Thereby, the core model consists of two interfaces: IPeer and IPeerMesh. Other interfaces are extensions of the core model.

Messaging

Messaging feature allows to organize point-to-point communication between the nodes where individual node is able to send the message to any other node. The discrete unit of communication is represented by IMessage interface which is transport- and protocol-agnostic. The actual implementation should provide protocol-specific serialization and deserialization of such messages.

There are two types of messages:

1. Request-Reply message is similar to RPC call when caller should wait for the response. The response payload is represented by IMessage
2. One Way (or signal) message doesn't have response. It can be delivered in two ways: 1.1. With confirmation, when sender waiting for acknowledge from receiver side. As a result, it is possible to ensure that message is processed by receiver. 1.1. Without confirmation, when sender doesn't wait for acknowledge. Such kind of delivery is not reliable but very performant.

The message can be transferred to the particular member using ISubscriber interface which is the extension of IClusterMember interface.

Usually, you don't to implement IMessage interface directly due to existence of ready-to-use realizations:

1. StreamMessage for message which payload is represented by Stream. It it suitable for large payload when it is stored on the disk
2. TextMessage for textual content
3. JsonMessage<T> for JSON-serializable types

Typed Clients and Listeners

IMessage is a low-level interface that requires a lot of boilerplate code for creating and parsing messages. It's much better to concentrate on message handling logic and hide low-level details. The same approach is used in typed HTTP clients in ASP.NET Core.

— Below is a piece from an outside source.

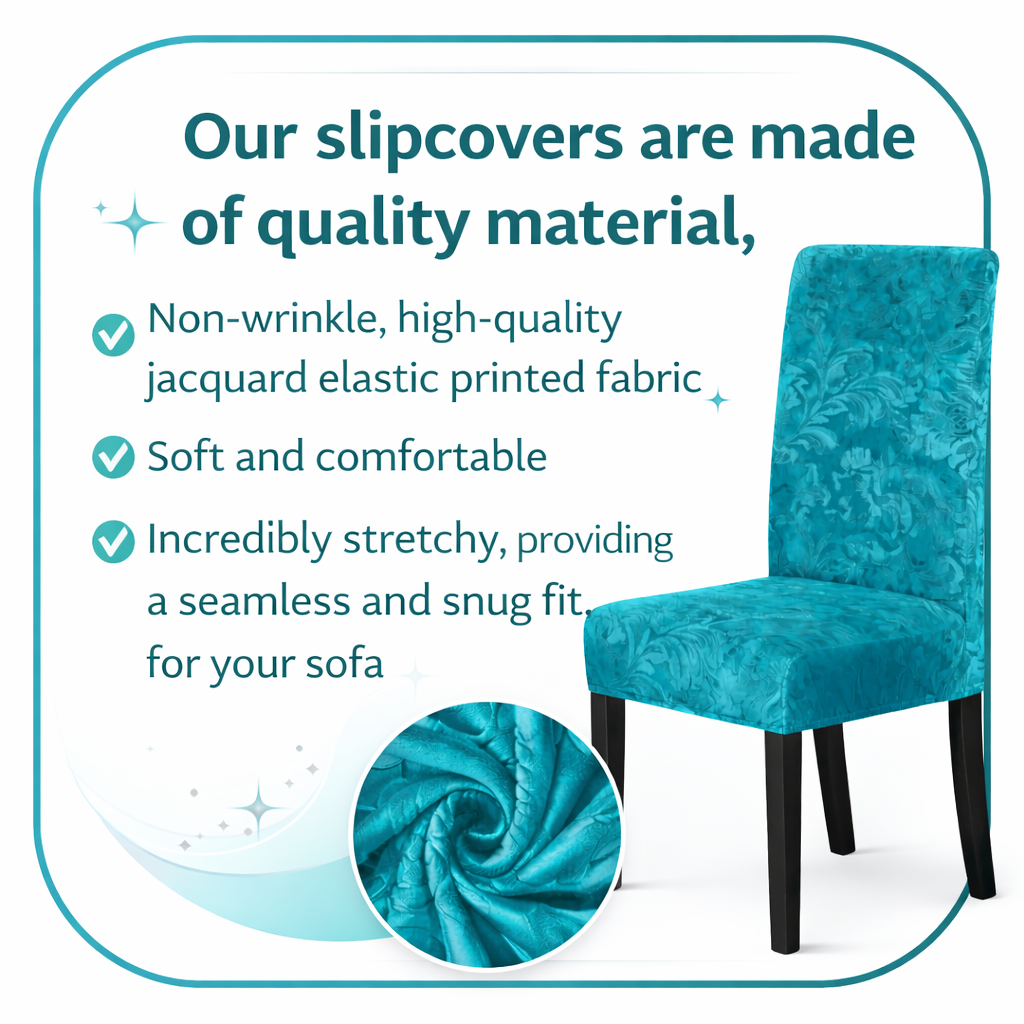 Slipcover Floral Velvet Chair Cover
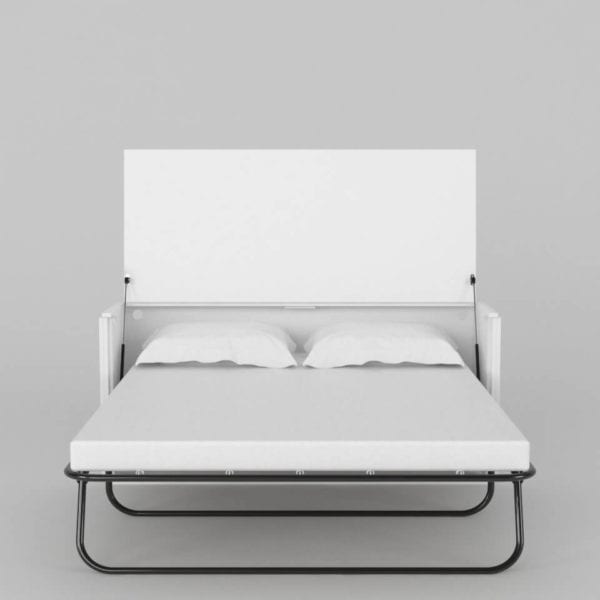Sleepworks-queen-console-desk-sleeper white open front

Typed message client or listener consists of the following parts:

• DTO models
• Serialization/deserialization logic for DTO models
• Message handling logic (for listener)

Typed message client is represented by MessagingClient class. Its methods for sending messages are generic methods. The actual generic argument must represent DTO model describing the message payload and serialization/deserialization logic:

using DotNext.IO;
using DotNext.Runtime.Serialization;

public sealed class AddMessage : ISerializable<AddMessage>
{
    public const string Name = "Add";

    public int X { get; init; }
    public int Y { get; init; }

    public async ValueTask WriteToAsync<TWriter>(TWriter writer, CancellationToken token = default)
        where TWriter : notnull, IAsyncBinaryWriter
    {
        await writer.WriteInt32Async(X, true, token);
        await writer.WriteInt32Async(Y, true, token);
    }

    public static async ValueTask<AddMessage> ReadFromAsync<TReader>(TReader reader, CancellationToken token = default)
        where TReader : notnull, IAsyncBinaryReader
    {
        return new AddMessage
        {
            X = await reader.ReadInt32Async(true, token),
            Y = await reader.ReadInt32Async(true, token)
        };
    }
}

ISerializable<TSelf> interface is needed to provide serialization/deserialization logic. Thanks to static abstract methods in C#, the interface requires that the implementing type must provide deserialization logic in the form of static factory method.

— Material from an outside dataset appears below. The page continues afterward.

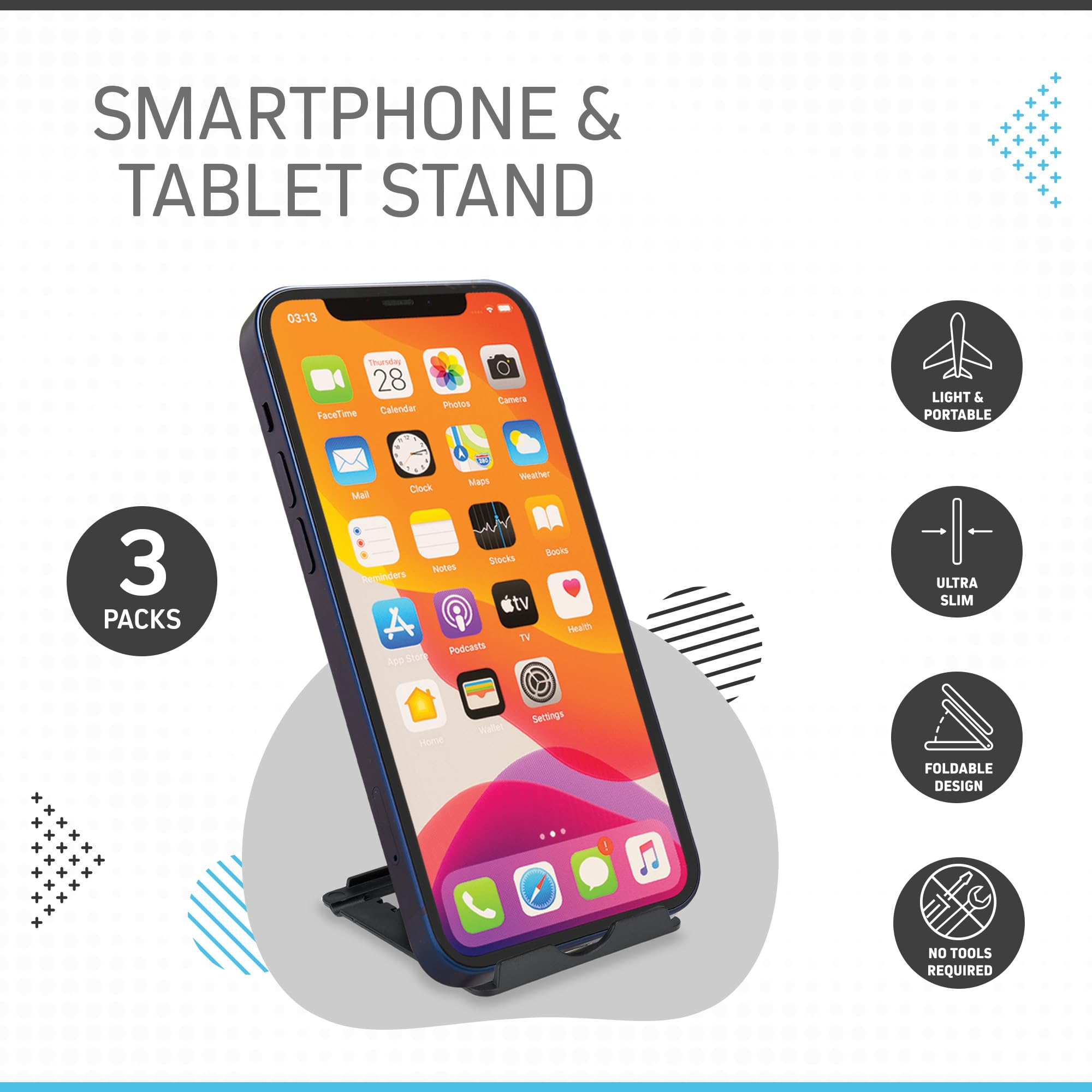Chargeworx Stand Tablets Smartphones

DTO models can be shared between the client and the listener. The message type must be registered in the client. After that, sending messages via typed client is trivial:

ISubscriber clusterMember;
var client = new MessagingClient(clusterMember).RegisterMessage<AddMessage>(AddMessage.Name);
await client.SendSignal(new AddMessage { X = 40, Y = 2 }); // send one-way message

Typed listener must inherit from MessageHandler type or instantiated using builder. Message handling logic is represented by the public instance methods.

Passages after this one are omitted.